Thursday, March 07, 2013

Rebuilding the Temple Part I

I had another experience of God talking to me two nights ago.

(No, not like that:  no flashing lights, no voices, no visions. It does not work that way in real life for most of us).

I was pondering the substance of what I wrote about here, about how I see to be making a lack of progress in so many parts of my life.  As I thought and thought, lying there, suddenly the 1st Chapter of Haggai leaped into my mind

The Book of Haggai (if you have perhaps forgotten your minor prophets) is one of the shortest books in the Bible.  It was written by the prophet Haggai (convenient, no?) over the space of 4 months in 520 B.C.  It was written with the intent of spurring the returned Jewish exiles to complete the rebuilding of the second Temple.

Why do I feel like this was something other than an early morning synaptic rush?  Because the words of the first chapter, which I have struggling to memorize, suddenly leaped to mind with perfect clarity and recall.  At least for me, this is how God speaks - through His word, where often a passage or sentence comes to mind at precisely the moment it was needed.

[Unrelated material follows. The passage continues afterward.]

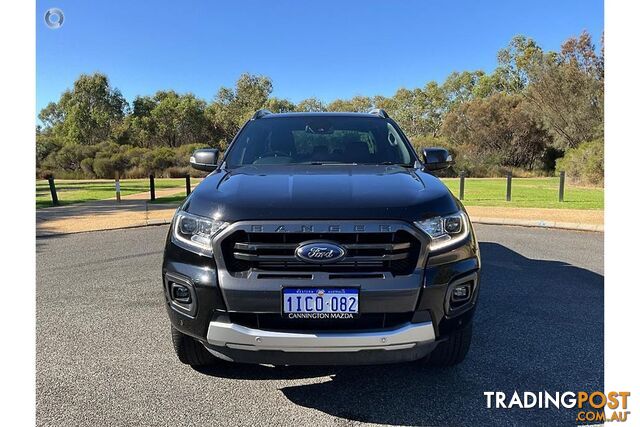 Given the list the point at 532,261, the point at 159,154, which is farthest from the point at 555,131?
the point at 532,261

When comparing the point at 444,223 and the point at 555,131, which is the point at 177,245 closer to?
the point at 444,223

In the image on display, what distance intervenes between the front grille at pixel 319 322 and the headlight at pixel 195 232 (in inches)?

And what does God say to the Israelites?

"Now therefore, thus says the Lord of hosts, 'Consider your ways'.
You have sown much, and bring in little;
you eat, but you are not full;
you drink, but no-one is filled with drink;
you clothe yourselves, but no-one is warm;
and he that earns wages, earns wages to put into bag with holes" (Haggai 1: 5-6)

"You looked for much and indeed, it came to little., and when you brought it home, I blew it away."  (Haggai 1:9a)  

This all began to sound very familiar to me.

Why?  Why was the Lord saying these things to the Israelites?"

"This people says, 'The time has not come, the time that the Lord's house should be built'". (Haggai 1:2b)

"Is it time for you yourselves to dwell in your paneled houses and this temple to lie in ruin?" (Haggai 1:5)

"You looked for much and indeed, it came to little, and when you brought it home, I blew it away.  Why, says the Lord of hosts.  Because of My house that is in ruins while every one of you runs to his own house." (Haggai 1:9).

The people had become more concerned with their own lives (as demonstrated in the concern for their houses) than they were about the Lord and his will and glory (as demonstrated in the lack of concern for the rebuilding of the Lord's temple, where the Lord was worshipped and glorified). 

The result?  The effects are listed in verse 6 and 9a above - but God made it more explicit:

"Therefore the heavens above you withhold the dew, and the earth withholds its fruit.  For I called for drought on the land and the mountains, on the grain and the new wine and the oil, on whatever the ground brings forth, on men and livestock, and on all the work of your hands." (Haggai 1:10-11)

The thing to note (beyond the effects, which are specific) is who was responsible for all of this.  It was not nature.  It was not a random series of events.  It was God acting specifically in the lives of His people, acting in a way to bring them back to the things that really mattered rather what they thought mattered.

The question that came through my mind as these words came through my mind was "What? What is the temple of God in my life that has not been rebuilt?"  It is easy enough to make the connection in the Old Testament but what does it say to me today?  Is it certain that the things I am experiencing in my life at the moment are the results of things similar to the Israelites of Haggai's day?  I'd be arrogant to think so much of myself as to say yes.  But is is possible that the same could be true?  Absolutely.

But what is the "temple of God" - the place where God was worshipped and glorified by the Jews - in my own life?